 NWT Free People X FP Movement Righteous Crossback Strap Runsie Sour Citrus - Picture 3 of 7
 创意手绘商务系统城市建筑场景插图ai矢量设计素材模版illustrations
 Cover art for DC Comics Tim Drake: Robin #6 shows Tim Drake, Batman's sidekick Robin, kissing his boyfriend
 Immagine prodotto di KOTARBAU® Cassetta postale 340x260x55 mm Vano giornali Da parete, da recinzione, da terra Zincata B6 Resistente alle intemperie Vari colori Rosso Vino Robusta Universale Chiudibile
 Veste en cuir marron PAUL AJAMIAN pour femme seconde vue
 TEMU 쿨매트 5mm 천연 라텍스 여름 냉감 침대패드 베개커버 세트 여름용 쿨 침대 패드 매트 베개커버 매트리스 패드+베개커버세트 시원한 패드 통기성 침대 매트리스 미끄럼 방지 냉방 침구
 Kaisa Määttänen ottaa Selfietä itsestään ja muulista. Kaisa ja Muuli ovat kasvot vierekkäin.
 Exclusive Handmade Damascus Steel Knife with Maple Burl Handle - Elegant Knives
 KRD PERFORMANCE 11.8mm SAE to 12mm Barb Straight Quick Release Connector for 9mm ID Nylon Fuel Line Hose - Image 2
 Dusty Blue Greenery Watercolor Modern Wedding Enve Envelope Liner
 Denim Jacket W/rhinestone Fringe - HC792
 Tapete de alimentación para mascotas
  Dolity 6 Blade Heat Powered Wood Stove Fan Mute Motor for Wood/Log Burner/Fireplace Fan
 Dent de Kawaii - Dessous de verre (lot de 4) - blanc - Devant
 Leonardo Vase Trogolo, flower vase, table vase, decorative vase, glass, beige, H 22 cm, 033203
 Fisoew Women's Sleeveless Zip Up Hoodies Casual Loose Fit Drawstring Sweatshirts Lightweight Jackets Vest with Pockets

_____

Set the entries down again exactly, beginning with their first line and ending with the line that contains "Exclusive Handmade Damascus"; omit all other lines.

TASK RESULT
 NWT Free People X FP Movement Righteous Crossback Strap Runsie Sour Citrus - Picture 3 of 7
 创意手绘商务系统城市建筑场景插图ai矢量设计素材模版illustrations
 Cover art for DC Comics Tim Drake: Robin #6 shows Tim Drake, Batman's sidekick Robin, kissing his boyfriend
 Immagine prodotto di KOTARBAU® Cassetta postale 340x260x55 mm Vano giornali Da parete, da recinzione, da terra Zincata B6 Resistente alle intemperie Vari colori Rosso Vino Robusta Universale Chiudibile
 Veste en cuir marron PAUL AJAMIAN pour femme seconde vue
 TEMU 쿨매트 5mm 천연 라텍스 여름 냉감 침대패드 베개커버 세트 여름용 쿨 침대 패드 매트 베개커버 매트리스 패드+베개커버세트 시원한 패드 통기성 침대 매트리스 미끄럼 방지 냉방 침구
 Kaisa Määttänen ottaa Selfietä itsestään ja muulista. Kaisa ja Muuli ovat kasvot vierekkäin.
 Exclusive Handmade Damascus Steel Knife with Maple Burl Handle - Elegant Knives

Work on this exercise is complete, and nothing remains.